As with so much of Town of Vienna government decisions, I can’t make head or tails out of it. But, ditto, whatever They have Decided, It Cannot Be Questioned. Which is how I take our new Mayor’s response to having been questioned about this expense.
Second, the ship sailed years ago on this police station project. Two years ago, and then some. And, believe it or not, the proposed building is only modestly above industry norms of space per occupant and cost per square foot. You can read my analysis of that in this post, dated 9/4/2018, dating back to the time when this project was still being billed as a police station renovation.
All-in-all, Vienna has modestly more officers per capita, square foot per officer, and cost per square foot than what I estimated to be the average within the industry. Particularly the square foot per officer part. This building looks big, and objectively, it is big. And when you multiply those three together, you get what you get.
If you want to have a clue to the high cost, just look at the specs. From that posting:
And if you read further, you will see that the architects are not exactly planning for a friendly small-town police department. The specs include blast film for the windows, concrete bollards to prevent ramming the building, steeply sloped window sills to prevent bomb placement, and special construction to withstand earthquakes. This isn’t Andy of Mayberry.
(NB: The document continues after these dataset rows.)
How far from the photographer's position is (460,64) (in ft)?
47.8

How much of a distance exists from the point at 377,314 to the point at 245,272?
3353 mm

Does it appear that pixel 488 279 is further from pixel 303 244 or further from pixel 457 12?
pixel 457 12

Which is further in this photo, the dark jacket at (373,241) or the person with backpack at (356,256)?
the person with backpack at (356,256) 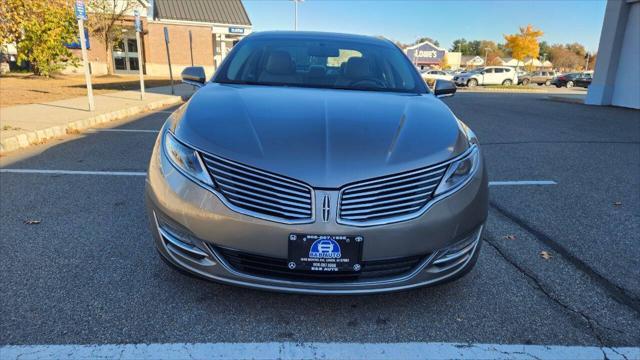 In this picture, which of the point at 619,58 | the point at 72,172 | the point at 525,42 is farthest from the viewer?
the point at 525,42

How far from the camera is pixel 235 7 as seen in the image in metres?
34.2

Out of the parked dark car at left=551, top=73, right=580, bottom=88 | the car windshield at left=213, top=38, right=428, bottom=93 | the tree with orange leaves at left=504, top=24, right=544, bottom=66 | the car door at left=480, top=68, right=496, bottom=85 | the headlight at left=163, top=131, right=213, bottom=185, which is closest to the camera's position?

The bottom line is that this building is in large part a reflection of the post-911 paranoid world. It’s built to withstand terrorist attack. It’s occupants receive regular training in the use of deadly force. It truth, it would not surprise me if they had plans in place in case of a breakdown in social order (e.g., riots), even here in bouzhie Vienna. Because that’s modern thinking. Earthquakes included.
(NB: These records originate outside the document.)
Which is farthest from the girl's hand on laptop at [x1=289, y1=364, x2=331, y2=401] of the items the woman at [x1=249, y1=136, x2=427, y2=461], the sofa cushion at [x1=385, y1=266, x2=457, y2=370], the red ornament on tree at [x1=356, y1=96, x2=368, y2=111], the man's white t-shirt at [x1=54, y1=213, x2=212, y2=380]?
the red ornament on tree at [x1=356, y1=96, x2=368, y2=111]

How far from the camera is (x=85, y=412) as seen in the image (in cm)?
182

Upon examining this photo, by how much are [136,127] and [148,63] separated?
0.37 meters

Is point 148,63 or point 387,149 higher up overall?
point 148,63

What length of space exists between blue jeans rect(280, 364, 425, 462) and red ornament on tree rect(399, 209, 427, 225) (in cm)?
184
And all of that predates the pandemic, and predates Black Lives Matter. Community policing went out the window on 9/11/2001. Pretty much, if you want Federal funds, you have to build a fortress designed to protect its occupants from you. And those occupants have to be trained to deal with terrorism. Because, as always, we’re fighting the last war. You can put a nice face on it, and pretend otherwise, and include a “community meeting room” and such. But a fortress is a fortress.
It’s not what you’d have in an ideal world. But it’s what we’re stuck with. For the next 50 years, here in the Town of Vienna.
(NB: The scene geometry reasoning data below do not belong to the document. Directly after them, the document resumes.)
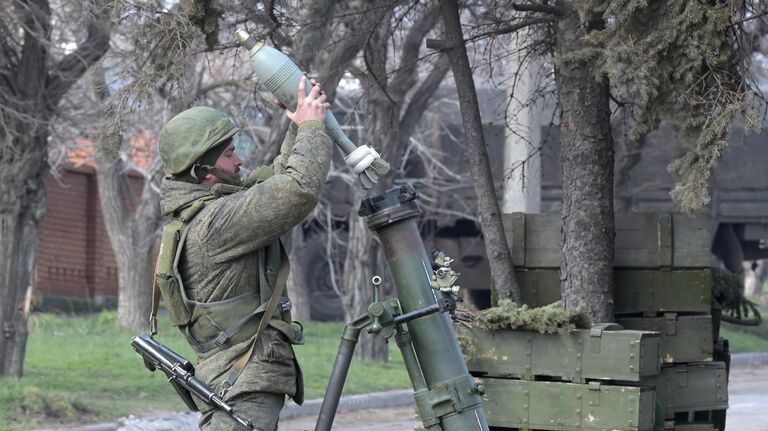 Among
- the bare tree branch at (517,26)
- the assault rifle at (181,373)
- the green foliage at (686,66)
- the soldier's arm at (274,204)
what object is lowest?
the assault rifle at (181,373)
With any luck, future generations will look back on this as being the high-water mark of the us-versus-the-rioters police architecture mentality. The embodiment of the 9-1-1 non-war that we’ve been fighting for the past 20 years. This building is of-a-piece with routinely being subjected to whole-body X-rays if you want to fly anywhere. Of-a-piece with a government that can legally “disappear” you at will, as part of the PATRIOT act. (Read it if you don’t believe me). It is of an era where nobody would even question that every sleepy little high-income suburban town would of course have its own police gun range.
So I applaud the people questioning this building. And, ultimately, questioning what I see as the post 9-1-1 mentality. I don’t think they’ll make a dent in Town of Vienna government. But I applaud them nevertheless.
And if we’re not lucky, and the Town actually needs its own little fortress? If, down the road, people actually applaud the decision to build a police station that could withstand an assault? Well, I just don’t want to go there. I have more important things to worry about, in the here and now, to worry about what this building bodes for the future.